Глава XIXКАРПАТСКИЙ ВЕЛЕТ
– Не так уж и давно, – усмехнулся Нурион. – Триста лет – не срок. А где, в каких местах?
– Да кто ж его знает? – развел руками Орест. – У нас ведь всякий камень Довбуша помнит. Тут и Черемош неподалеку течет, в котором он коня своего поил. Может, и где-то здесь, в этих самых местах, Велет подарил Олексе двенадцать серебряных волосков.
– Что ж, проверим, – сказал Нурион. – Я не мог ошибиться. Беритесь за руки, друзья.
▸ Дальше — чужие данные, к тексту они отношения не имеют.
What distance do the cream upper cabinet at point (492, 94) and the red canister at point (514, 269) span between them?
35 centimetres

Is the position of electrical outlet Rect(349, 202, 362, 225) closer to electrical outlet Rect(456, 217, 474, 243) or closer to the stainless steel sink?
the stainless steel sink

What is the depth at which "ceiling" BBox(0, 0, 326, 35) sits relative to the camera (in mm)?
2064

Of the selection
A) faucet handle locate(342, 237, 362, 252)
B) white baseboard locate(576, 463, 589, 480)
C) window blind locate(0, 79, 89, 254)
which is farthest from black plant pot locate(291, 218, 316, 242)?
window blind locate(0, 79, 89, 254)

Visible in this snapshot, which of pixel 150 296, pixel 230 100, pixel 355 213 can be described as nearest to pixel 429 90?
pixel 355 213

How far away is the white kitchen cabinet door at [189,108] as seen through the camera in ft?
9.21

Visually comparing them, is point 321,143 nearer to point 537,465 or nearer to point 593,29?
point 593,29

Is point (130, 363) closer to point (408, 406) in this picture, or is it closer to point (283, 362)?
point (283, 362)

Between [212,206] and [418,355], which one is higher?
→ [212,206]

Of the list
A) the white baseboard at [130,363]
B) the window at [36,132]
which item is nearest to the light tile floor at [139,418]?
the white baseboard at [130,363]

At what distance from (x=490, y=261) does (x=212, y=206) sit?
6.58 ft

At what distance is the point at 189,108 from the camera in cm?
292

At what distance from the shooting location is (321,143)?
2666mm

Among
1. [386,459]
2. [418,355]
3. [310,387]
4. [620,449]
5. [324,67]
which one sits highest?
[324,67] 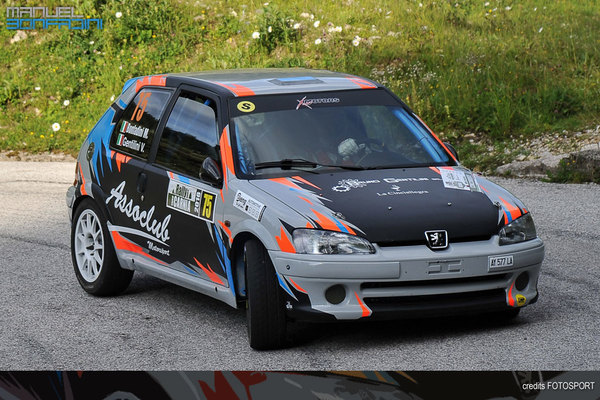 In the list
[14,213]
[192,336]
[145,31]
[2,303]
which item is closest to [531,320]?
[192,336]

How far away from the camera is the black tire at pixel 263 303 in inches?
244

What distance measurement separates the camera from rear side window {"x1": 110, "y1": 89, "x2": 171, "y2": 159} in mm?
7902

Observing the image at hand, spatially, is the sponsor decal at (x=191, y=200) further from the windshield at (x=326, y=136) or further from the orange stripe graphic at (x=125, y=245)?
the orange stripe graphic at (x=125, y=245)

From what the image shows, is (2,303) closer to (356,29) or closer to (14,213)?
(14,213)

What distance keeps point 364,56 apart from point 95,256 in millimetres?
11031

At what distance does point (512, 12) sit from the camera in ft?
63.2

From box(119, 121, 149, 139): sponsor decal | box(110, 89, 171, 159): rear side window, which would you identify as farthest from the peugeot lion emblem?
box(119, 121, 149, 139): sponsor decal

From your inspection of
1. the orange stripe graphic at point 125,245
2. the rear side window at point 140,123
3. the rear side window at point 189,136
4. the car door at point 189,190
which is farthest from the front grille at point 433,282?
the rear side window at point 140,123

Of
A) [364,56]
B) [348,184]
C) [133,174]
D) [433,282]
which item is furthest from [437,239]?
[364,56]

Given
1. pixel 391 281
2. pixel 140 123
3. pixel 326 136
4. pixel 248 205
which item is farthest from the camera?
pixel 140 123

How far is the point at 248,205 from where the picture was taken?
6.50 metres

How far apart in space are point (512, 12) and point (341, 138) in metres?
12.9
Ты, Илувар; ты, Лес; Ты, Рамсей; и ты, Орест.
– А Орест зачем? – пробурчал гном.
– Он здесь родился, здесь вырос, это его земля. Он эту землю любит, и она его любит, а, значит, подскажет, – терпеливо разъяснил Нурион.
Они взялись за руки, образовав круг.
Гошка, Шурка и Роман Береза чуть поодаль почтительно наблюдали за происходящим.
Злыдень, видимо, совершенно измученный последними событиями, опустился на землю.
– А… что делать-то? – испуганным шепотом спросил Орест, ощущая, как в его старое уставшее тело свежей струей вливается какая-то новая сила.
– Закрой глаза и мысленно зови Велета, – едва разжимая губы, проговорил Нурион. – Все. Начинаем.
В полнейшем молчании проходили минуты.
Какая-то нездешняя тишина накрыла долину. Даже неугомонные птицы приумолкли; даже ветерок притих. Застыли горы, замерла трава, и казалось, листва на деревьях, уже тронутая кое-где первыми рыжими пятнами подступающей осени, прервала свой извечный шепот.
«Что-то сейчас будет!» – внезапно понял Гошка и поднес руку к екнувшему сердцу.
И дрогнула долина.
Налетел ветер.
С криком снялись в воздух стаи птиц.
– Кто зовет меня?! – пронесся над долиной громовой полувздох-полушепот.
– Это я, Нурион! – звонко и молодо крикнул старый художник и открыл глаза. – Где ты, Деда?
– Здесь, раз ты слышишь меня. Или ты поглупел с годами?
– Извини, Деда, у меня было мало надежды.
– Надежды всегда достаточно, – мощный полушепот шел, казалось, сразу со всех сторон. – Мало может быть веры и любви. Чую, что ты не один. Так, погоди, я сам увижу.